Bila dibandingkan, kedua aliran ini bukan teman atau lawan melainkan kelanjutan dari pemikiran sebelumnya yang diperbarui untuk menutupi segala kekurangan tanpa mengganti prinsip dasar pemikiran secara keseluruhan, karena neo-realisme bukanlah non realisme. Menurut saya untuk  memahami perubahan dunia dibutuhkan pemikiran yang masuk akal, karena meskipun idealis tapi berusahalah realistis seperti ungkapan tidak ada teman atau musuh yang abadi kecuali kepentingan, sehingga tidak tersesat dalam kebaikan dan tahu kapan menjadi setan ketika kebutuhan memintanya (terinspirasi dari Machiavelli). Sejauh ini pamor realisme masih dominan walaupun menerima banyak kritik, diantaranya adalah fokus yang terlalu sempit, gagal menangkap perluasan politik internasional yang merupakan dialog aliran dan perspektif  yang berbeda, alasannya jelas, masalah hubungan internasional adalah problem global, yang kompleks, berat, tidak dapat direduksi menjadi penilaian tunggal dan sederhana, contoh nyata adalah tidak ada yang bisa dilakukan oleh realis  untuk menyelesaikan masalah krisis ekonomi AS yang mulai mendunia, walaupun untuk sementara ini realisme adalah aliran paling mendekati kebenaran, sifat alami manusia dan negara sehingga banyak dianut.
REFERENSI
Burchill, Scott and Linklater, Andrew. Theories of International Relation. Oxford University press, pp. 29-55.

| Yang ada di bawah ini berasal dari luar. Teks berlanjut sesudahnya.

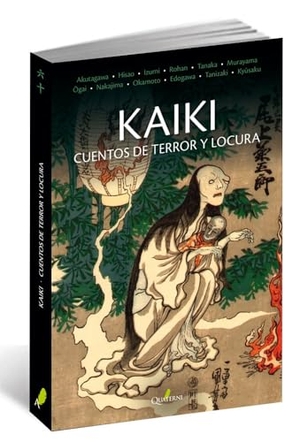 Akutagawa, Ryunosuke / Ranpo Edogawa. Kaiki : cuentos de terror y locura. Quaterni, 2016.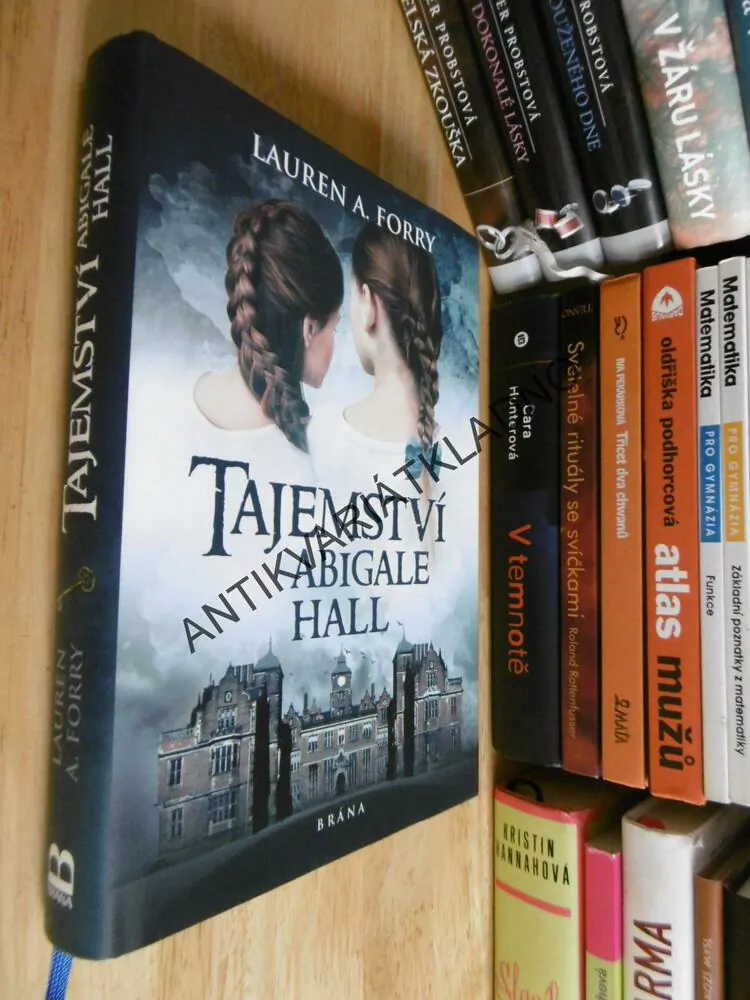 TAJEMSTVÍ ABIGALE HALL, LAUREN A. FORRY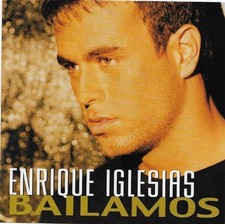 Bailamos [Single] by Enrique Iglesias CD 1999 Interscope USA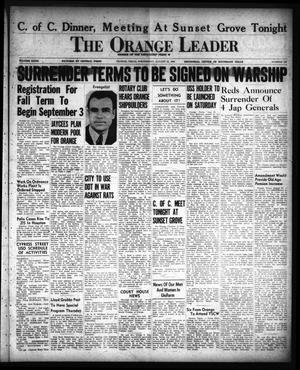 The Orange Leader (Orange, Tex.), Vol. 32, No. 198, Ed. 1 Wednesday, August 22, 1945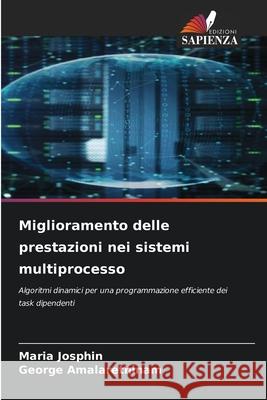 Miglioramento delle prestazioni nei sistemi multiprocesso Josphin, Maria, Amalarethinam, George 9786208986810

Jackson, J. Robert and George Sorensen. 1999. Introduction to International Relations. New YorkOxford University.
Perwita, banyu dan Mohammad Yani, Yanyan. 2006. Pengantar Ilmu Hubungan Internasional. Bandung. Pt Remaja Rosda Karya.










[1] Burchill, Scott AND Linklater, Andrew. Theories of International Relation. Oxford University press, pp. 29-55
[2] Jackson, J. Robert and George Sorensen. 1999. Introduction to International Relations. New YorkOxford University.